FIGURE 5.

The accumulation of compatible osmolytes after hypertonic exposure promotes SG disassembly. A, shown is time-lapse immunolabeling of NRK cells labeled with anti-YB1 and anti-tubulin after hypertonic shock. Up to 9 h of hypertonic exposure, SG size grew with time, and MT bundles were thicker. Between 9 and 24 h, SGs and MT bundles dissociated in the few cells that survived. Scale bar, 15 μm. B, we analyzed by NMR the intracellular betaine accumulation in NRK cells after a hypertonic shock with various extracellular concentrations of betaine for 9 h.
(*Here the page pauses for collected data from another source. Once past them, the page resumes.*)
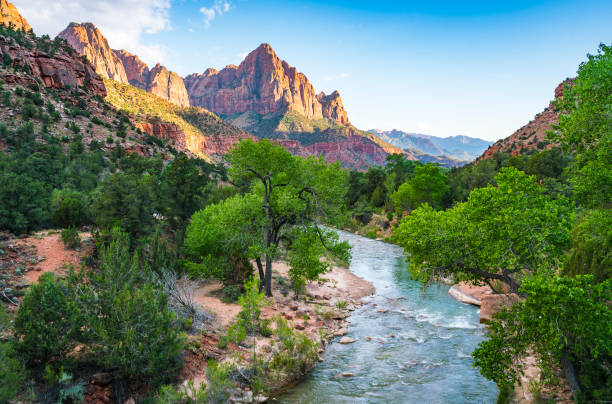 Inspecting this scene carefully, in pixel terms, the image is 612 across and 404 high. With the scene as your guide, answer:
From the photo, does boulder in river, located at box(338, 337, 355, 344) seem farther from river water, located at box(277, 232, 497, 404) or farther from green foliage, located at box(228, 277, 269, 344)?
green foliage, located at box(228, 277, 269, 344)

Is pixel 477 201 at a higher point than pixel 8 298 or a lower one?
higher

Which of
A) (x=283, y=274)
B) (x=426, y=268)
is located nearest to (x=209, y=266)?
(x=283, y=274)

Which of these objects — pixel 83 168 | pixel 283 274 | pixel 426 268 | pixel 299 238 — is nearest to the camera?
pixel 426 268

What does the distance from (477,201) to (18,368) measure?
38.0 feet

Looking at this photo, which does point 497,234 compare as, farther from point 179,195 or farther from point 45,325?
point 179,195

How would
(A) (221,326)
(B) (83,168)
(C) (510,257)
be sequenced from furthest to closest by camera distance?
(B) (83,168) < (A) (221,326) < (C) (510,257)

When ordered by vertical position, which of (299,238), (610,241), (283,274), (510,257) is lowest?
(283,274)

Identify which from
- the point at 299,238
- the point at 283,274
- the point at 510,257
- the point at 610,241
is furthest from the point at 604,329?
the point at 283,274

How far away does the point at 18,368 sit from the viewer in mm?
6520

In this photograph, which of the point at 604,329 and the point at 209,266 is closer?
the point at 604,329

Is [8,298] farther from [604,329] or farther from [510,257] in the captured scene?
[604,329]

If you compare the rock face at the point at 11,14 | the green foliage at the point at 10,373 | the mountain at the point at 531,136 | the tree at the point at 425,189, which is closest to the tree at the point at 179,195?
the green foliage at the point at 10,373

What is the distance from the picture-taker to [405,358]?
40.8 feet

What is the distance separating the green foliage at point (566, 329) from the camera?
6.21m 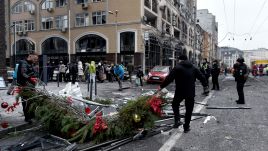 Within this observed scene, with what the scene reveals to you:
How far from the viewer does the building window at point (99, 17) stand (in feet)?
131

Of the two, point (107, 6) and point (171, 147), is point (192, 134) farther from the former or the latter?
point (107, 6)

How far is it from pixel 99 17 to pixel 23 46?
14.1 m

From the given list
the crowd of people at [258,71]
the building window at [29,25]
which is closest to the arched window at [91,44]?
the building window at [29,25]

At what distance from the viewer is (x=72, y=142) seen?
6.27 metres

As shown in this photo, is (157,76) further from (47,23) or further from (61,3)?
(47,23)

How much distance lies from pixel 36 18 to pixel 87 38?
10.1 m

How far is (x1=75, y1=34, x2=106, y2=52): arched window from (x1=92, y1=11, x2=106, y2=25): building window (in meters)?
1.85

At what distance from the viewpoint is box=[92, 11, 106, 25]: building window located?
39781 millimetres

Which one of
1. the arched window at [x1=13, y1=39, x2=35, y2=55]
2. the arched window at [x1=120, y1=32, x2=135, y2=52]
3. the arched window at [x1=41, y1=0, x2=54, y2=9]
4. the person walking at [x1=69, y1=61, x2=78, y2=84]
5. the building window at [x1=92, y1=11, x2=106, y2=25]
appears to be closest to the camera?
the person walking at [x1=69, y1=61, x2=78, y2=84]

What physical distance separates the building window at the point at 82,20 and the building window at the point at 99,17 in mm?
1093

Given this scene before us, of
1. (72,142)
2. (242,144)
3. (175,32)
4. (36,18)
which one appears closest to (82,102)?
(72,142)

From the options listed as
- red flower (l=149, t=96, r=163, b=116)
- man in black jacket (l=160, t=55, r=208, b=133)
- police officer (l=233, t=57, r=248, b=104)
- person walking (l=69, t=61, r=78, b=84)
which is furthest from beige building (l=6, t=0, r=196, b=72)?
red flower (l=149, t=96, r=163, b=116)

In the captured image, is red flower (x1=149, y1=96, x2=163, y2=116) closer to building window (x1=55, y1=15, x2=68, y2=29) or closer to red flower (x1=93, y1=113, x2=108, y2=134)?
red flower (x1=93, y1=113, x2=108, y2=134)

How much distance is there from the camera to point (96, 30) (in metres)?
40.1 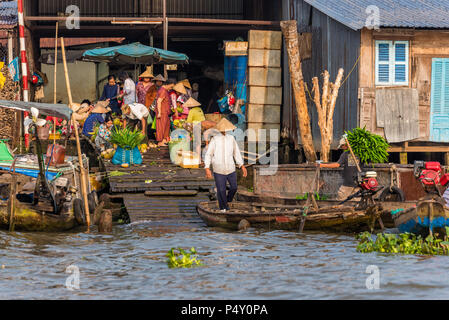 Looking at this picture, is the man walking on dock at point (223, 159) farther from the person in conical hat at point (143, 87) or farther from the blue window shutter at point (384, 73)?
the person in conical hat at point (143, 87)

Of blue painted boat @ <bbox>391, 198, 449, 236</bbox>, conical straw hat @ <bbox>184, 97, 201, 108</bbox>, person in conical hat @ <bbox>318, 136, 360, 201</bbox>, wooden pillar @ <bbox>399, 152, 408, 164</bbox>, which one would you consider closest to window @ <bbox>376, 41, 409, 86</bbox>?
wooden pillar @ <bbox>399, 152, 408, 164</bbox>

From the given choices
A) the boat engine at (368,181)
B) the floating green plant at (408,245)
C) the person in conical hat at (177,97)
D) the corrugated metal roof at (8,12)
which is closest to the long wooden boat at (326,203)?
the boat engine at (368,181)

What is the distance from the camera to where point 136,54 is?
64.7 ft

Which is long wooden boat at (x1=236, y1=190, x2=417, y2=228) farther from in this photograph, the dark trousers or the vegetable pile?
the vegetable pile

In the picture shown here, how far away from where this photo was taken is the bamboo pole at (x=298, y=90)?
1831cm

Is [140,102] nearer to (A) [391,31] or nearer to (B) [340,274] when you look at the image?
(A) [391,31]

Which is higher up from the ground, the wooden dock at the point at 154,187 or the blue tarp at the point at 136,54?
the blue tarp at the point at 136,54

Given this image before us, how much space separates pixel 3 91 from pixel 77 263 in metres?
10.3

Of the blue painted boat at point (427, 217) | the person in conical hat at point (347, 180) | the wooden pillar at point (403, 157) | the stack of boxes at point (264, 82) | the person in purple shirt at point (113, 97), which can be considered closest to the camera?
the blue painted boat at point (427, 217)

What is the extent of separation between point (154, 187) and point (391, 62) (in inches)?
231

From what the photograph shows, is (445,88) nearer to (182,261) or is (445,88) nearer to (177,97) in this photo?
(177,97)

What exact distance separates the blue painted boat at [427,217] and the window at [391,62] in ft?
20.4

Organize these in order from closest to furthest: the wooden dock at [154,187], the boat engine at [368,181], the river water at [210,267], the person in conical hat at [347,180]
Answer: the river water at [210,267] → the boat engine at [368,181] → the person in conical hat at [347,180] → the wooden dock at [154,187]

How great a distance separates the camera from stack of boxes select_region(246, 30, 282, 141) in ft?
68.1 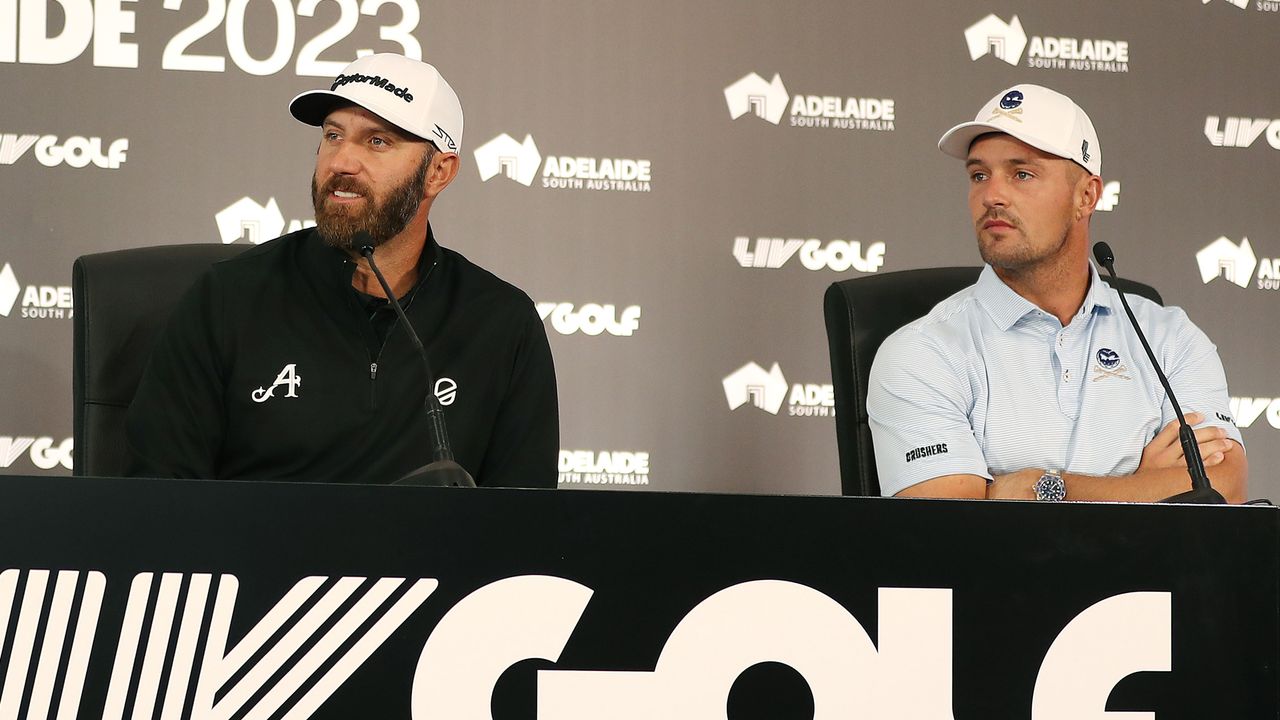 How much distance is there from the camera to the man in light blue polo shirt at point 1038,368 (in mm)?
1865

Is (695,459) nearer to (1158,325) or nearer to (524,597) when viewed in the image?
(1158,325)

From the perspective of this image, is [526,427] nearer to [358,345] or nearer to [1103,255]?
[358,345]

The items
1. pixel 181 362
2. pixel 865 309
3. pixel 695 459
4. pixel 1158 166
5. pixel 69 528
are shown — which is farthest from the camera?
pixel 1158 166

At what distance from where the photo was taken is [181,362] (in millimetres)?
1749

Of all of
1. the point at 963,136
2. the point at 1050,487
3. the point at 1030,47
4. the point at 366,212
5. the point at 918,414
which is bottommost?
the point at 1050,487

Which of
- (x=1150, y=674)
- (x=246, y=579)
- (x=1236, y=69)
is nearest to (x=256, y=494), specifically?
(x=246, y=579)

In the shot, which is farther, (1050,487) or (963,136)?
(963,136)

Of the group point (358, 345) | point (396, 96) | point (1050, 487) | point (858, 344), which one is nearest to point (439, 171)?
point (396, 96)

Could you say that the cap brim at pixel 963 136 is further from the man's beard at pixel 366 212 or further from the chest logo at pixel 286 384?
the chest logo at pixel 286 384

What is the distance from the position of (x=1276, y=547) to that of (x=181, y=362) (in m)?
1.43

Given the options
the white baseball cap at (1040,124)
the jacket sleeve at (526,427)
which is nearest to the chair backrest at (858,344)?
the white baseball cap at (1040,124)

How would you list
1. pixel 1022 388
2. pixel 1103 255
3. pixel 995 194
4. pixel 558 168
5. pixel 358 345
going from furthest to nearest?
pixel 558 168 → pixel 995 194 → pixel 1022 388 → pixel 358 345 → pixel 1103 255

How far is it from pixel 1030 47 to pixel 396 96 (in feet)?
6.02

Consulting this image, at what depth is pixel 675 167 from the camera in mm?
2928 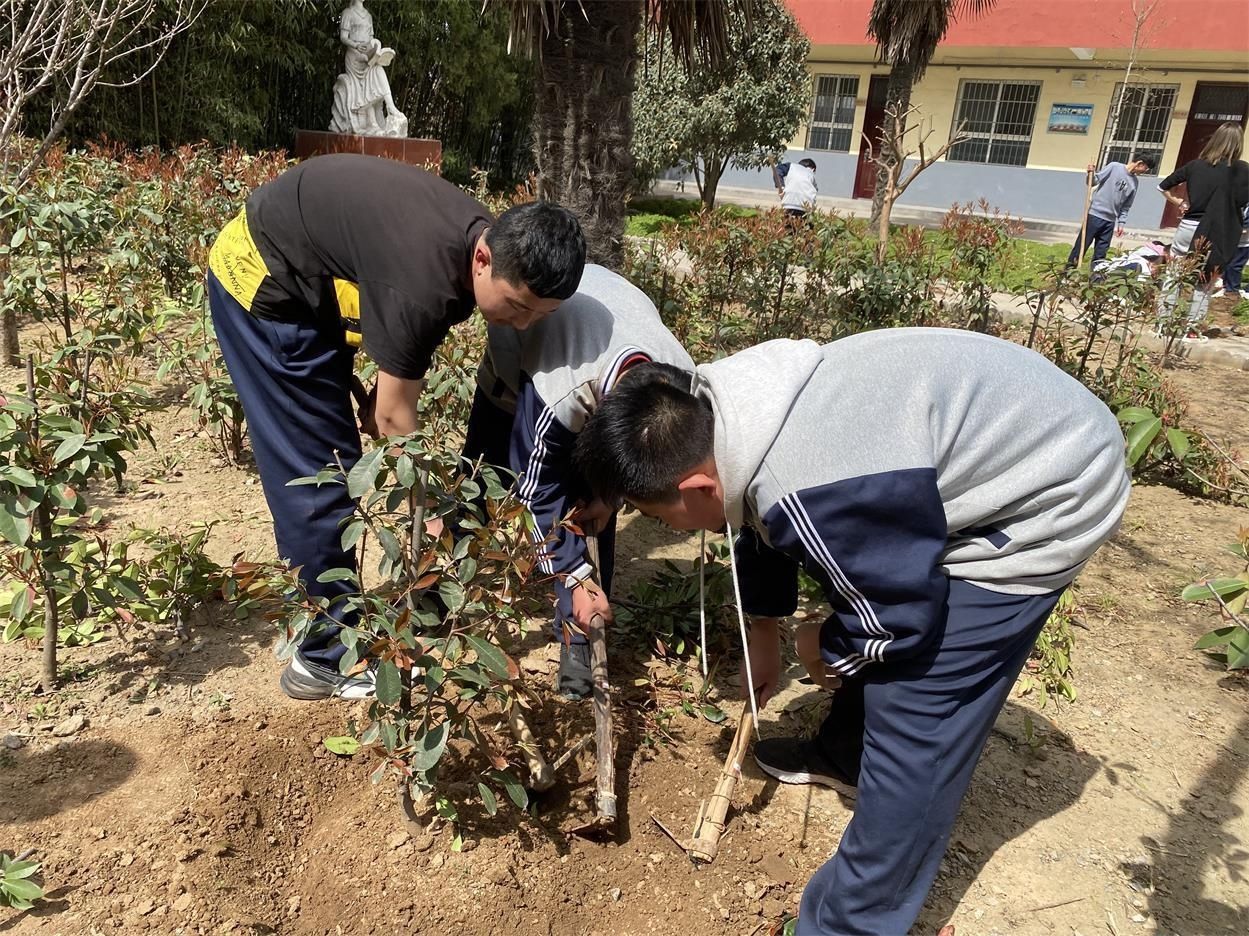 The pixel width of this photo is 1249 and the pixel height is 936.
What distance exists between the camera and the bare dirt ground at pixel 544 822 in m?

The results show that betaine transport in NRK cells under hypertonicity is accelerated in the presence of extracellular betaine. Results are the means ± S.D., and 1 a.u. corresponds to 72 fmol of betaine per NRK cell (see “Materials and Methods”). C, two typical NMR spectra were obtained as described in B. In the presence of increasing betaine concentration, the area of cellular betaine peaks (see the asterisks) significantly increases. D, NRK cells were exposed for 9 h to constant hypertonicity in the presence of varying concentrations of betaine. Betaine, above 2.5 mm, promotes the disassemblies of SGs and MT bundles. SGs and MTs were detected with anti-YB1 and anti-tubulin immunostaining, respectively. Scale bar, 15 μm. E, shown are statistical measurements of the mean SG area obtained from the analysis of NRK immunostained with anti-YB1 after the indicated treatment. Although SG size increased between 6 and 9 h for hypertonic-stressed cells in the absence of betaine, a net decrease in SG size was detected in the presence of 10 mm betaine. Results are the means ± S.D.